Karin M.L. Gaensler (University of California San Francisco, San Francisco, CA) talked about establishing neonatal murine models as tools for exploring strategies for the induction of tolerance. Using adeno-associated virus (AAV)-mediated gene delivery in a neonatal model, they were able to show induction of tolerance to human factor IX (hFIX). Higher levels were detected after administration of AAV8-hFIX than AAV1-hFIX. The Gaensler group also combined transplantation during the neonatal period with a positive selection strategy for in vivo amplification of drug-resistant donor HSCs. BM-derived HSCs were transduced ex vivo by LV-mediated gene transfer of the DNA repair enzyme P140K-O ⁶-methylguanine-methyltransferase (P140-MGMT). The P140-MGMT DNA repair enzyme confers resistance to benzylguanine, an inhibitor of endogenous MGMT, and to chloroethylating agents such as BCNU. Enrichment of donor SC levels was achieved by successive cycles of low-dose, in vivo chemoselection. The group suggests that these approaches could enable further evaluation of mechanisms of tolerance induction during immune ontogeny.

Yasufumi Kaneda (Division of Gene Therapy Science, Graduate School of Medicine, Osaka University, Osaka, Japan) described the development of anticancer strategies using the hemagglutinating virus of Japan (HVJ) envelope. This virus was isolated in Japan in the 1950s. It is a mouse parainfluenza virus that binds to glycoproteins and glycolipids containing sialic acid and has membrane fusion activity, producing abundant viral proteins from the RNA genome. The researchers used inactive HVJ particles and by incorporating plasmid DNA they created the HVJ-E vector, allowing the direct entry of genes into the cell cytoplasm, and then to the nucleus. siRNA can also be delivered at high efficiency by HVJ-E to cells either in vitro or in vivo. HVJ-E/Eg5 siRNA affects only growth-promoting cells during the separation of centrioles and formation of mitotic spindles. They investigated the treatment of glioblastoma using HVJ-E/Eg5 siRNA and cell survival was greatly reduced. The centrioles did not separate and mitotic spindles did not form. They eradicated intracranial U-118 mouse glioblastoma tumors by a single stereotactic injection of HVJ-E/Eg5 siRNA. After 3 months, 80% of the mice had survived and no tumors were seen in the brain.
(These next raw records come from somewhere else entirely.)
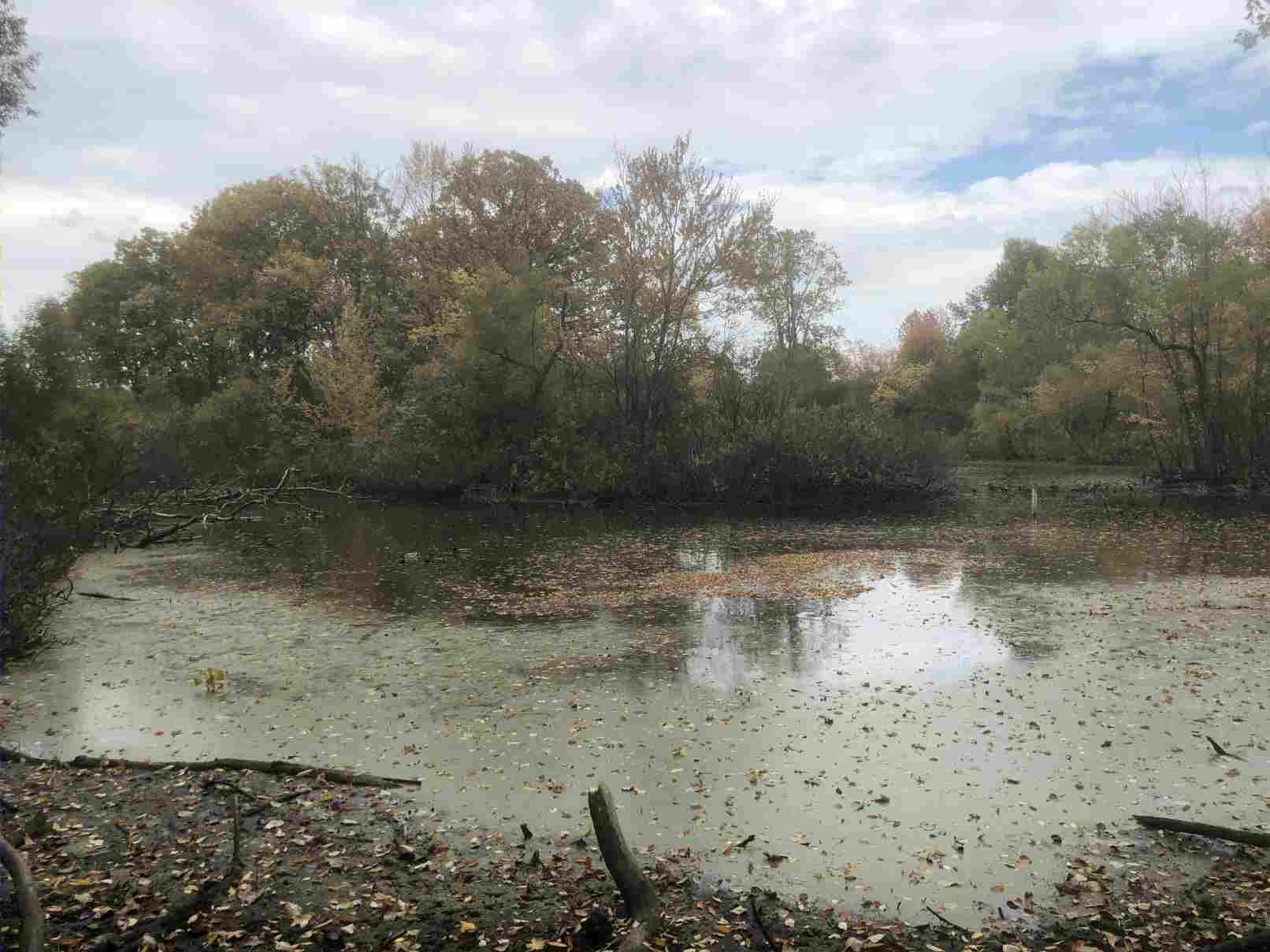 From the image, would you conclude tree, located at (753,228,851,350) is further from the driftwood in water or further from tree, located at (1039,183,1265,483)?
the driftwood in water

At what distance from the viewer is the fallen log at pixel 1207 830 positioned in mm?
4805

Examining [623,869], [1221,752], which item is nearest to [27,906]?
[623,869]

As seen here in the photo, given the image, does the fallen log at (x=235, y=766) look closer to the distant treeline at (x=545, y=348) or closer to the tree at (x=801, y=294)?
the distant treeline at (x=545, y=348)

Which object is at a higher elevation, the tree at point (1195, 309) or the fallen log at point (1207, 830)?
the tree at point (1195, 309)

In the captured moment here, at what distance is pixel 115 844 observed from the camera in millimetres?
5129

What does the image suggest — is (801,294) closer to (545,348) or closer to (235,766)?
(545,348)

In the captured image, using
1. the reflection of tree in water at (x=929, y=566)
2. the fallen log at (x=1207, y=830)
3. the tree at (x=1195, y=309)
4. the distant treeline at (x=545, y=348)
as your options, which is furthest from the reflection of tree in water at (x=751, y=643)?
the tree at (x=1195, y=309)

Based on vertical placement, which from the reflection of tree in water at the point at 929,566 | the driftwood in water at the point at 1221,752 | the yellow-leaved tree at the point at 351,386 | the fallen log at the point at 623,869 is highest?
the yellow-leaved tree at the point at 351,386

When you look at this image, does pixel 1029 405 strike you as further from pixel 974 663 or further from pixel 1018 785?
pixel 1018 785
They also injected tHVJ-E/Eg5 siRNA into normal brain tissue and no apoptosis or tissue damage was observed. They also found that HVJ-E itself has antitumor activity when they injected the vector into CT26 tumors. Sixty percent of the mice became tumor free after three injections of the empty vector. The surviving mice were rechallenged with the same CT26 tumors 10 months later and all mice rejected the tumors. Similar suppression was observed in renal cancer tumors. Their finding suggested that natural killer (NK) cells can be activated by HVJ-E, through the secretion of chemokines and cytokines by DCs.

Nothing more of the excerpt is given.